| EXERCISE PROMPT |
Pictures stay out of the copy. Retype exactly the lines below from the one with "Wedding garter and" through the one with "Pair of navy".

===== EXERCISE DATA =====

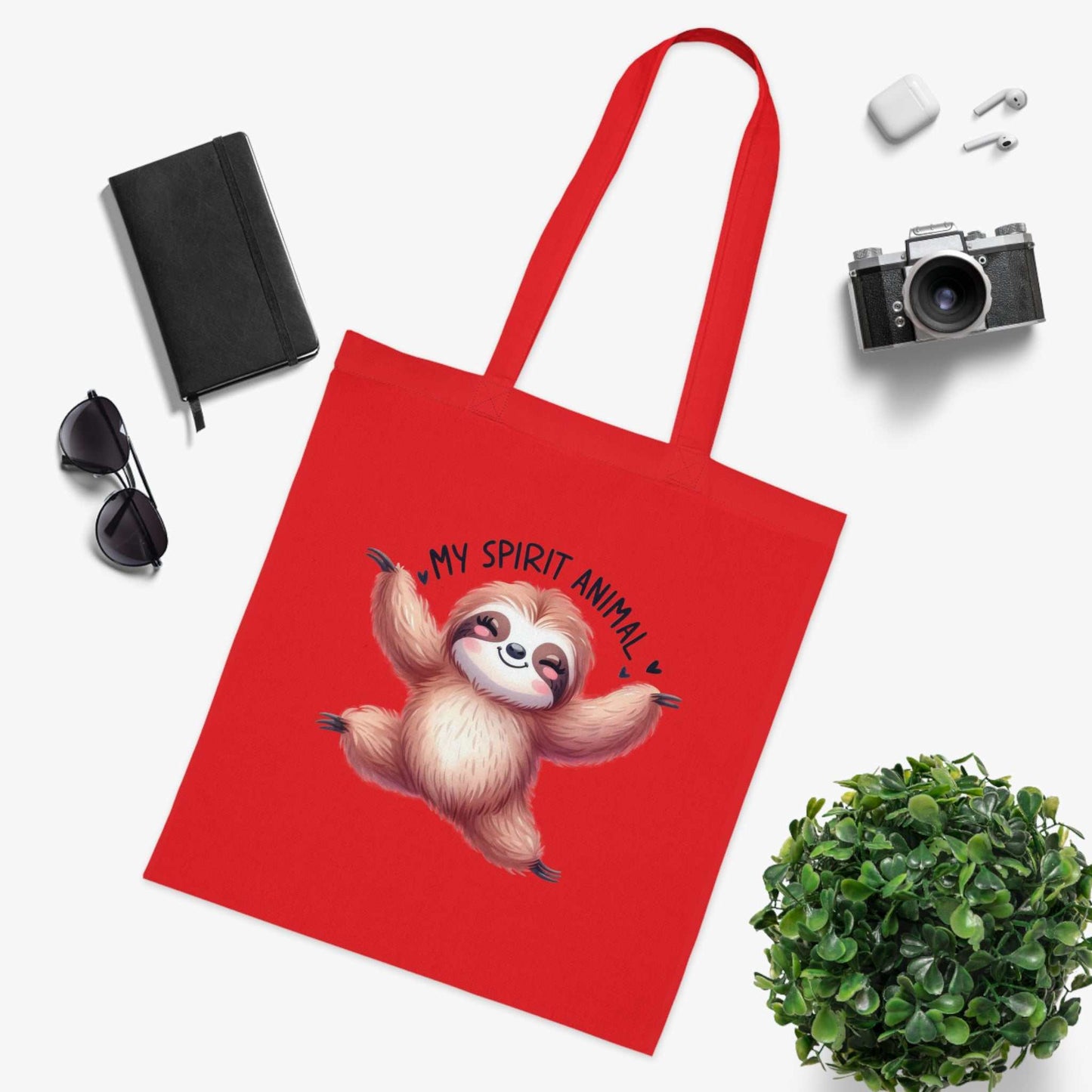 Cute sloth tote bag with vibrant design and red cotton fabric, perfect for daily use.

=====
===== EXERCISE DATA =====

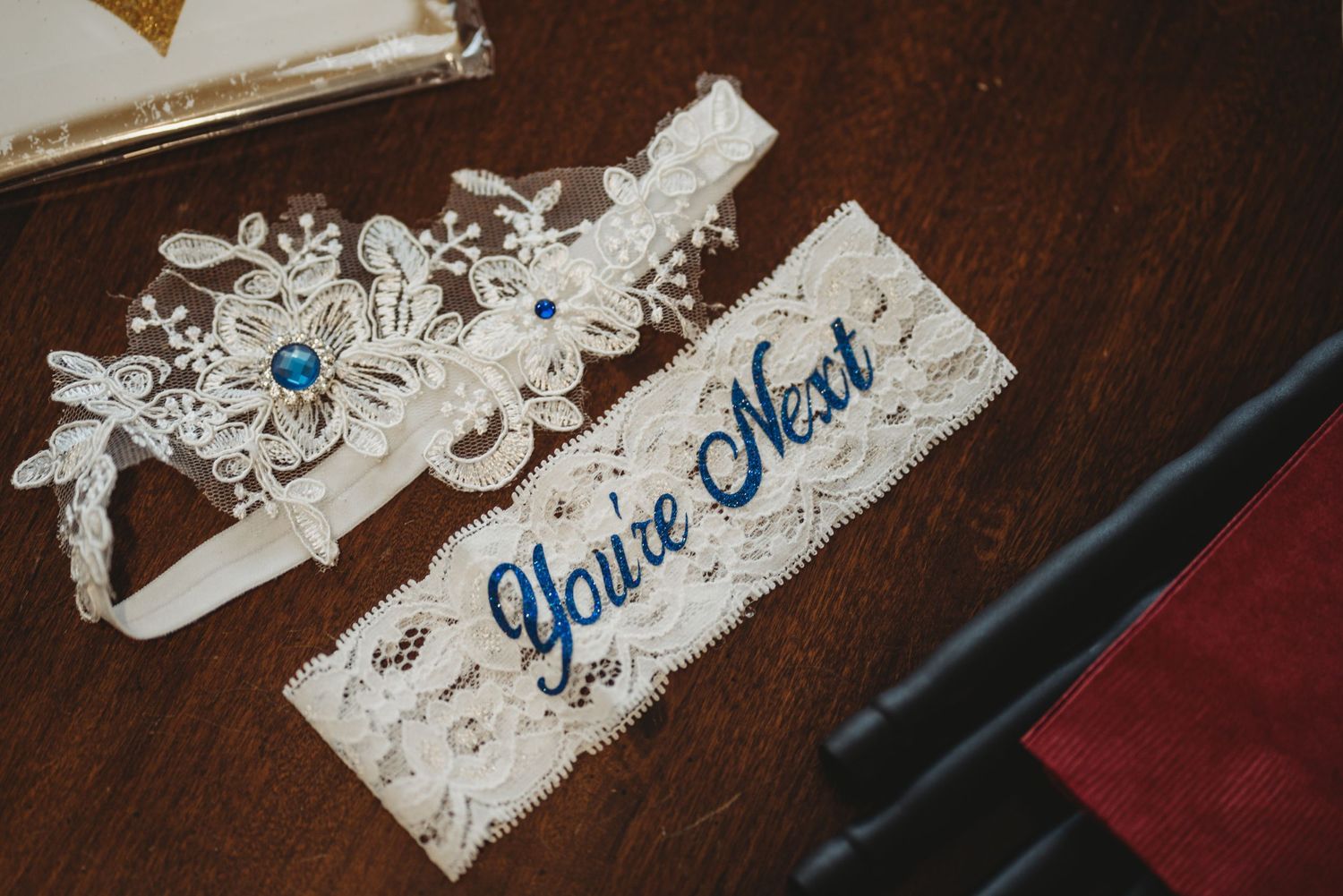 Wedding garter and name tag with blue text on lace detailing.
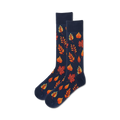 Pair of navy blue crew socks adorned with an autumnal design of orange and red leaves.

=====

| ANSWER TO THE EXERCISE |
 Wedding garter and name tag with blue text on lace detailing.
 Pair of navy blue crew socks adorned with an autumnal design of orange and red leaves.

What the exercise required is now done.